The first guy I ever liked, I liked for a very long time. He used to tease me a lot: some might even call it bullying, but I don't see it that way. All I know is that we had a kind of banter, even at a young age, and when my parents forced me to go to the Girl's School I didn't want to go for a variety of reasons: I didn't want to have to try and make friends again, because I'd found friends I liked, and I was shit with new people and pretty shy, so I didn't want to have to do all that again. Also, I knew I still liked that boy too much to leave. All my friends went to the same school together. I went off, on my own, to the City, and the land of Bras and Gossip. The first 18months, I pretty much hated every moment, more because I was trying to make a stand, and trying not to fit in. The first friend I made at the Girl's School was Vicky... and well, that says a lot, if you've ever heard any of the tales of Vicky.
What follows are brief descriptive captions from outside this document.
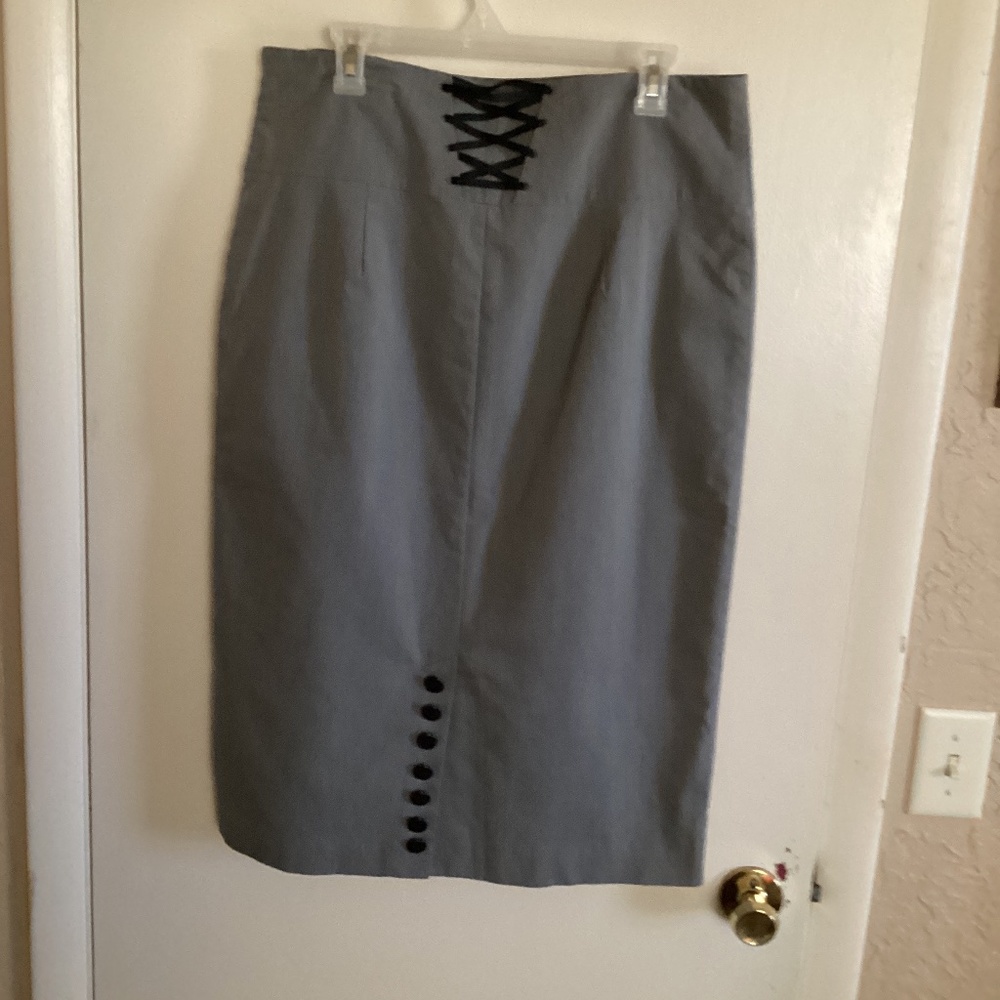 Straight skirt, Worthington brand, grey with black trim, size 14/16. - Picture 2 of 4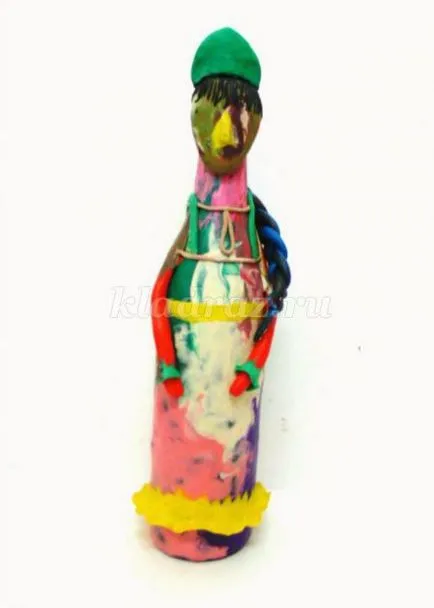Doll saját kezűleg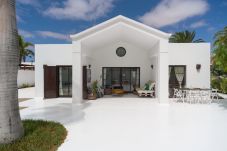 Villa a Costa Teguise - Villa Lola - VipVipVillas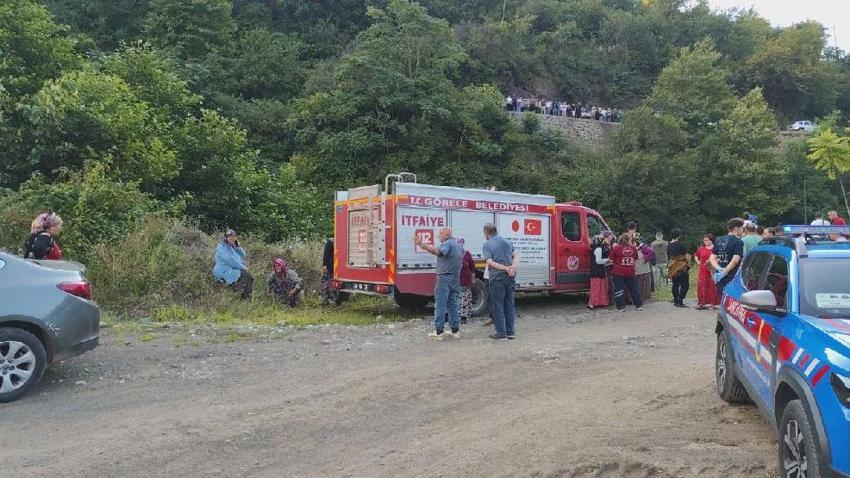 Giresun'da etkili sağanak felakete dönüştü! Sele kapılan anne kayıp, 2 kızı hayatını kaybetti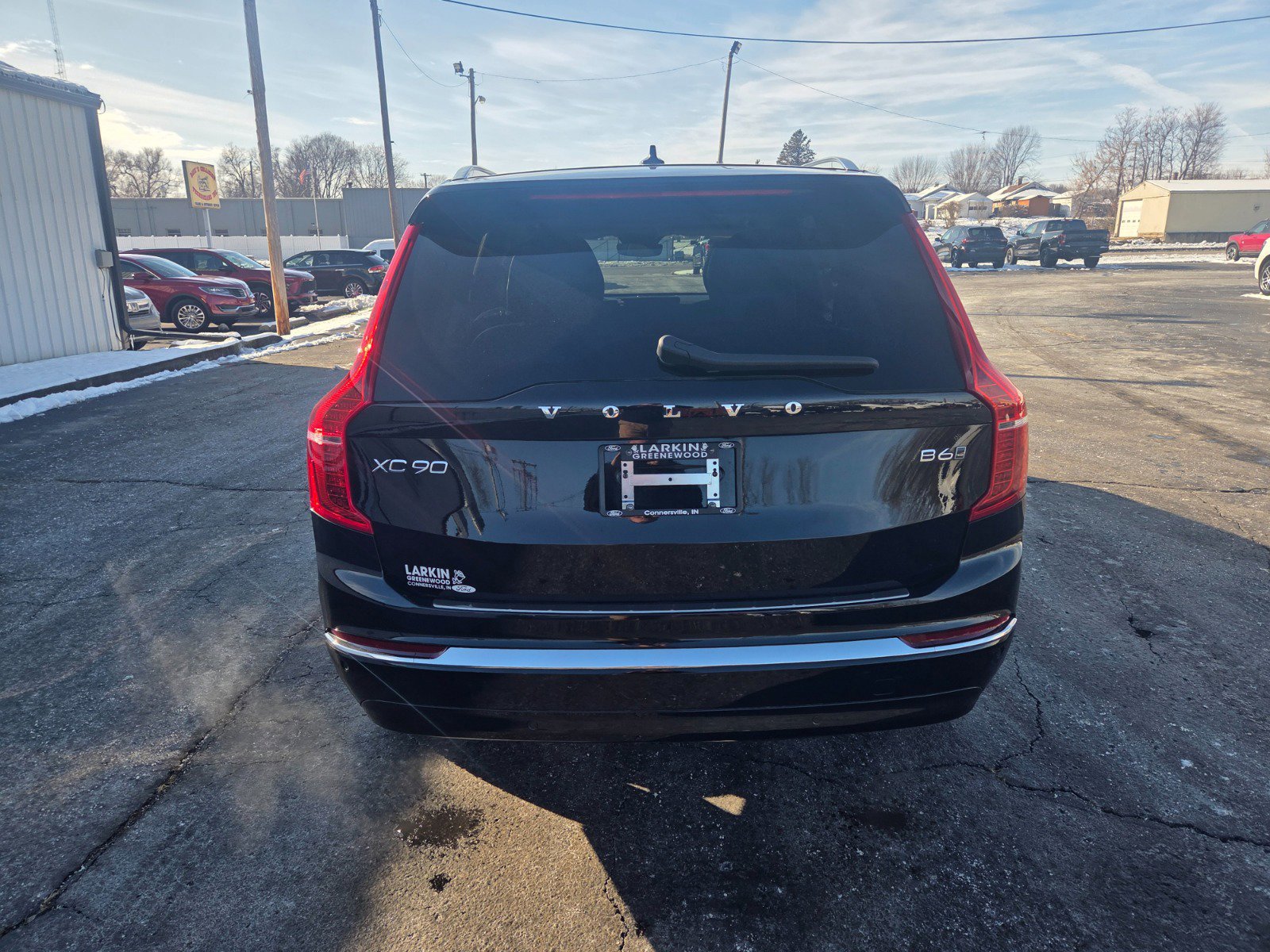 Used 2024 Volvo XC90 B6 Ultimate w/ Protection Package Premier image 4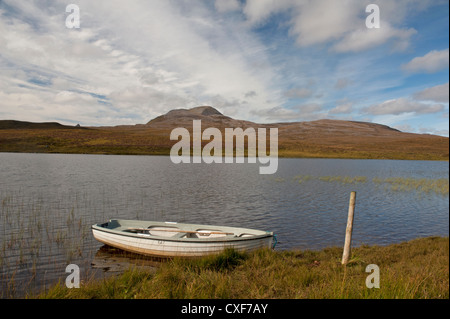 Canisp Mountain et Loch Awe, Inchnadamph. Lochinver. Sutherland.SCO 8543 Banque D'Images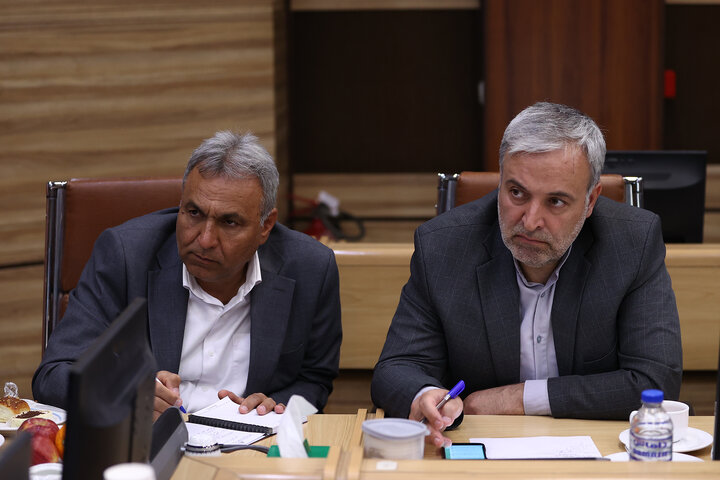 اعضای مجمع نمایندگان استان تهران از تاسیسات انبار نفت ری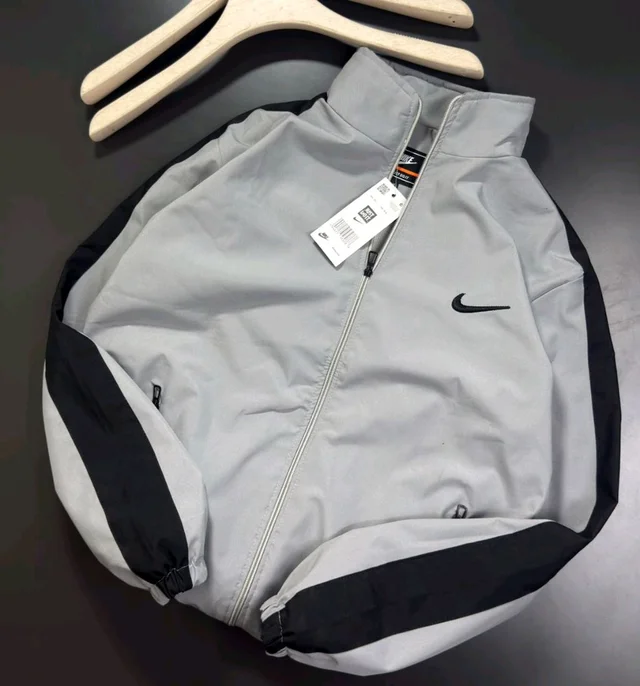 Men's Stylish Winter Jacket - L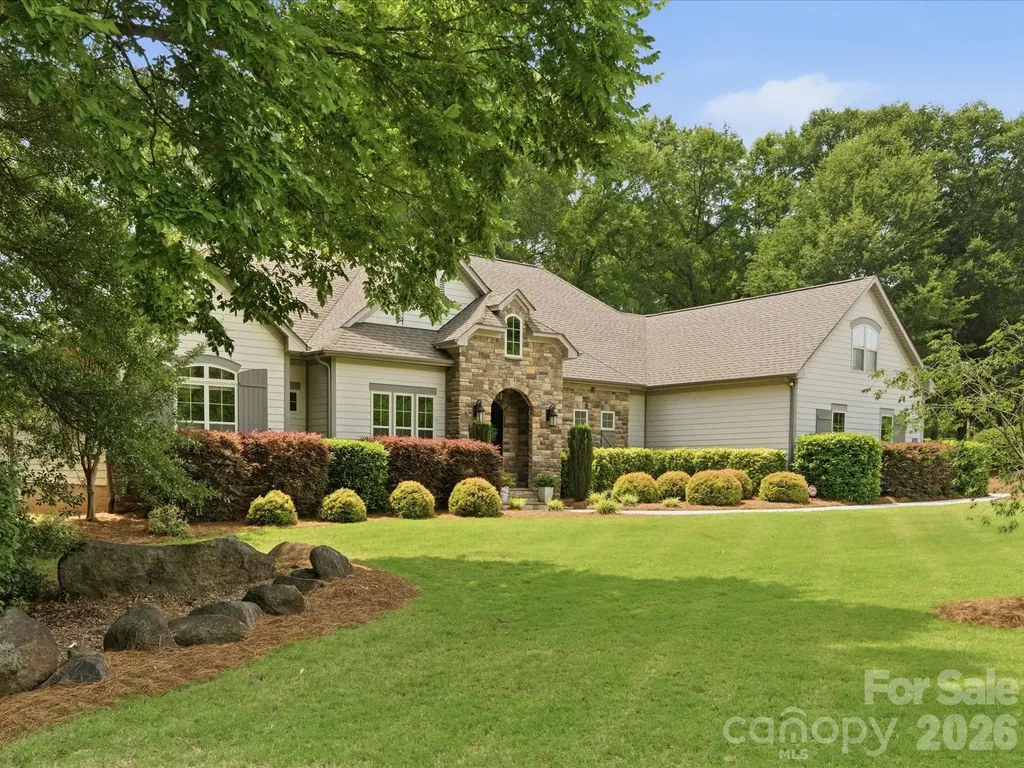 5717 Weddington Road Concord NC 28027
Needless to say, I had left primary school, and with it I had tried to shove all the old stuff about me into a bin and move on. But I was still pining, as one does when surrounded by pre-pubescent females, about the loss of the first crush which I never got to explore. So, in a typical me fashion, as often goes when I tell the story about something that went wrong in my life, I wrote a letter. I was eleven, let's remember. I can't recall what the letter said. I know I wouldn't want to know, as I'm sure it was about how much I missed him and regretted never telling him how I felt. *vom*

Either way, I quickly forgot this dark moment in life and moved on - fast forward four years. Vicky, said 'friend', has a friend who lived in South Norfolk, who went to Hobart High School with all the other people from my primary school. Vicky, having been my friend for quite some time, recalls the few names I've mentioned around her - and on mention of the boy, her friend suddenly puts two and two together. Yes! Of course, Vicky must know the girl who sent the love letter all those years ago, and was repeated daily, mocked and laughed about for months and months. Vicky, ecstatic with the news, comes squealing into school the next day to tell me all about this revelation. My four years of forgetting are wiped away and the years of horrid nicknames and being teased coming flashing back to me: I can't escape the child that I was, and he, that horribly smart and cruel boy, has not changed in the slightest. I've accepted many things in my life, one of which is that you cannot run or hide from your past, and in doing so I can accept what has happened. But I have not spoken to that boy since I left primary school. I saw him once, when I was 12 or 13, when shopping in Tesco with my Mum, and he was with his mum, and our mums stopped to chat and we both cringed away from the obviously embarassing moment. As I got older I saw him occassionally, on buses, or around the town in which he lived and I frequented - and on one occasion I found my friend talking to his younger brother, and delighted at how his little brother was little emo rocker, and not a chav like he was.

So, to this day, apart from a very brief and unfulfiling facebook comment, I've had absolutely no contact with him. It's weird, because I often have dreams in which we are friends, and there is no awkwardness or weirdness, and he's not that much of a chav. My head is obviously very backwards, but that is the story of Bob.